Like with any Software, when configured or used incorrectly, performance can be one of the first things to suffer. Smooks is no different in this regard.


Cache and reuse the Smooks Object. Initialization of Smooks takes some time and therefore it is important that it is reused.

Pool reader instances where possible. This can result in a huge performance boost, as some readers are very expensive to create.

If possible, use SAX NG filtering. However, you need to check that all Smooks cartridges in use are SAX NG compatible. SAX NG processing is faster than DOM processing and has a consistently small memory footprint. It is especially recommended for processing large messages. See the Filtering Process Selection (DOM or SAX?) section. SAX NG is the default filter since Smooks 2.

Turn off debug logging. Smooks performs some intensive debug logging in parts of the code. This can result in significant additional processing overhead and lower throughput. Also remember that NOT having your logging configured (at all) may result in debug log statements being executed!!

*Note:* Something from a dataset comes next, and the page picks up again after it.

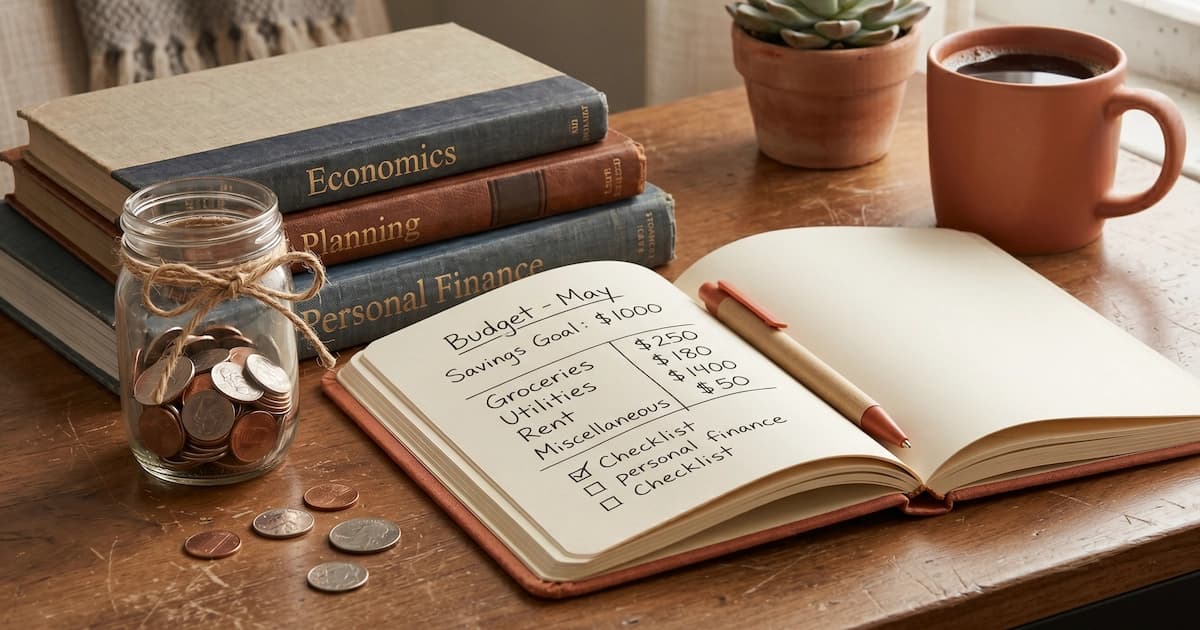 A student desk with textbooks, notebook, and a small savings jar of coins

Contextual selectors can obviously have a negative effect on performance e.g. evaluating a match for a selector like "a/b/c/d/e" will obviously require more processing than that of a selector like "d/e". Obviously there will be situations where your data model will require deep selectors, but where it does not, you should try to optimize them for the sake of performance.

Smooks Cartridges

Every cartridge can have its own performance optimization tips.

Javabean Cartridge

If possible don’t use the Virtual Bean Model. Create Beans instead of maps. Creating and adding data to Maps is a lot slower then creating simple POJO’s and calling the setter methods.


Unit Testing

Unit testing with Smooks is simple:

public class MyMessageTransformTest {
    public void test_transform() throws Exception {
        Smooks smooks = new Smooks(getClass().getResourceAsStream("smooks-config.xml"));

        try {
            Source source = new StreamSource(getClass().getResourceAsStream("input-message.xml" ) );
            StringResult result = new StringResult();

            smooks.filterSource(source, result);

            // compare the expected xml with the transformation result.
            XMLAssert.assertXMLEqual(new InputStreamReader(getClass().getResourceAsStream("expected.xml")), new StringReader(result.getResult()));
        } finally {

The test case above uses XMLUnit.

The following maven dependency was used for xmlunit in the above test:


Common use cases

Processing Huge Messages (GBs)

One of the main features introduced in Smooks v1.0 is the ability to process huge messages (Gbs in size). Smooks supports the following types of processing for huge messages:

One-to-One Transformation: This is the process of transforming a huge message from its source format (e.g. XML), to a huge message in a target format e.g. EDI, CSV, XML etc.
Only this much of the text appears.